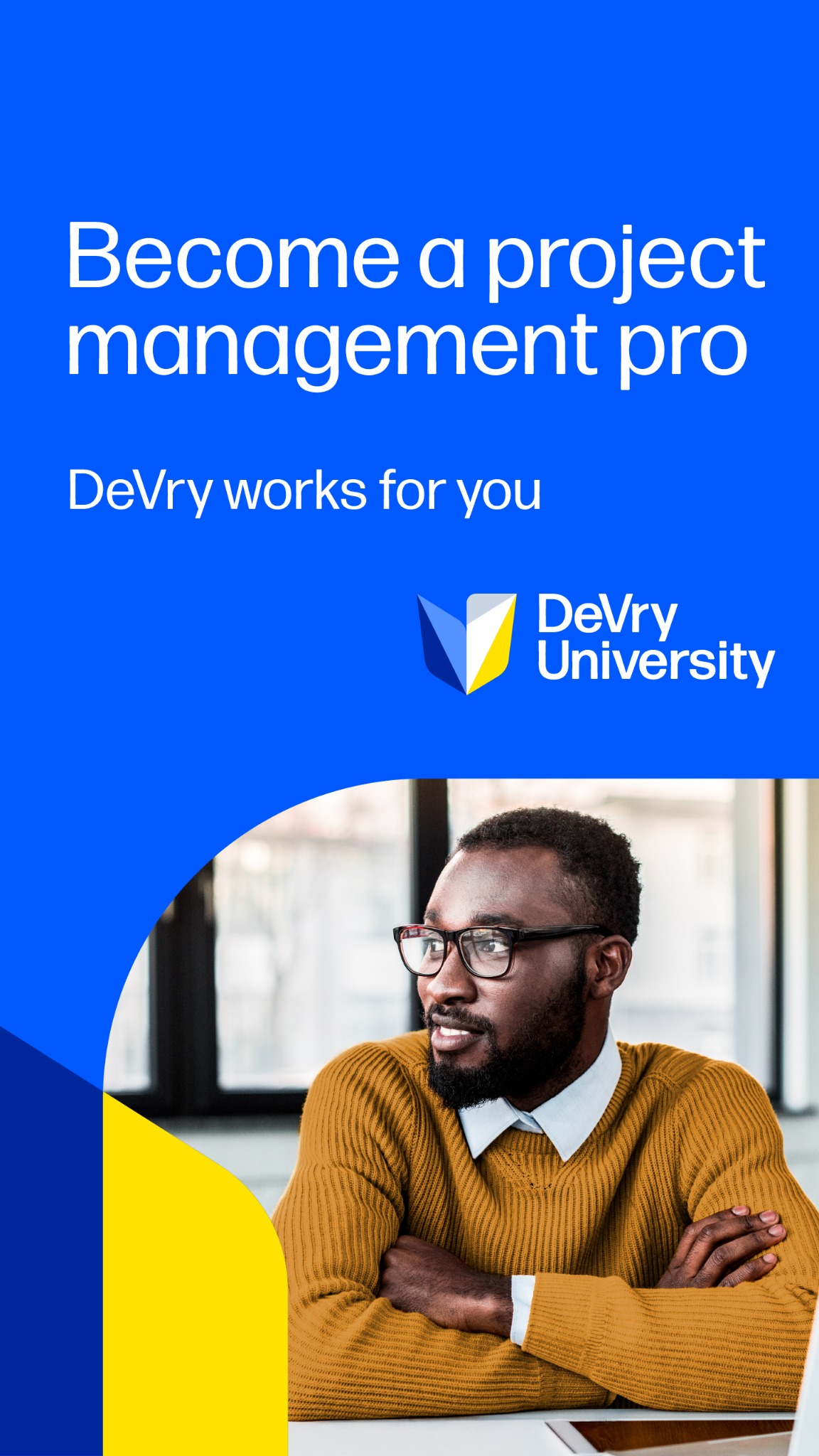 DeVry University Facebook ad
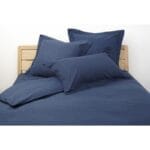 SKYE cotton duvet cover 200x200cm dark blue - Image 5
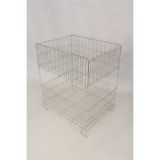 Acar Raf Katlanır Sepet Çift Katlı Tel Sepet 60x80 Cm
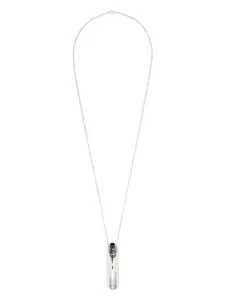 Ожерелье с подвеской «Рябь» Eddie Borgo, серебяный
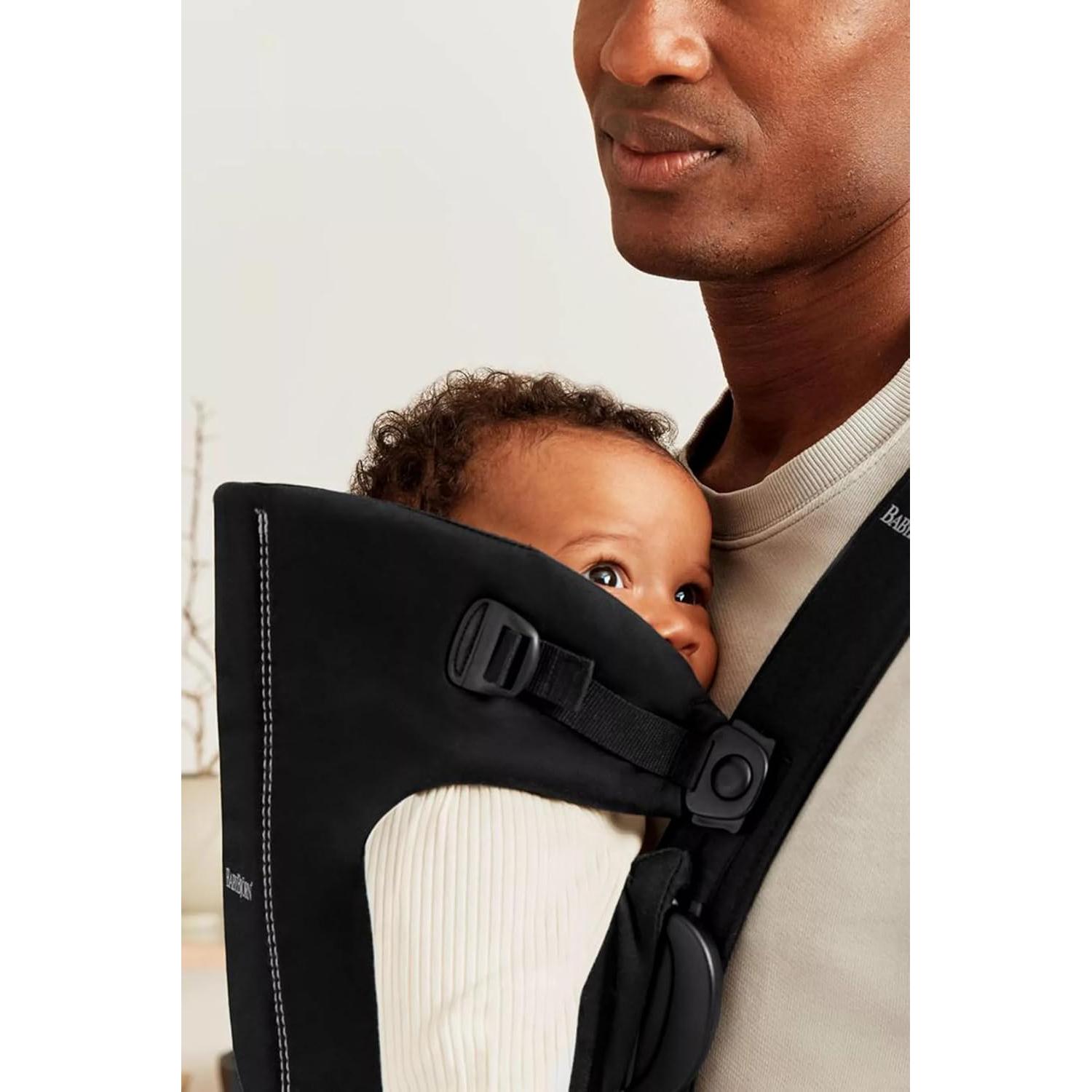 Portabebés Mini BabyBjörn Negro Tejido Ergonómico 3.2-11 kg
= = = =
- **Work instructions**:
Starting with the line that contains "SKYE cotton duvet" and ending with the last line of the material, every line must be written out exactly; no other lines and no pictures are wanted.

- **Answer to this problem**:
 SKYE cotton duvet cover 200x200cm dark blue - Image 5
 Acar Raf Katlanır Sepet Çift Katlı Tel Sepet 60x80 Cm
 Ожерелье с подвеской «Рябь» Eddie Borgo, серебяный
 Portabebés Mini BabyBjörn Negro Tejido Ergonómico 3.2-11 kg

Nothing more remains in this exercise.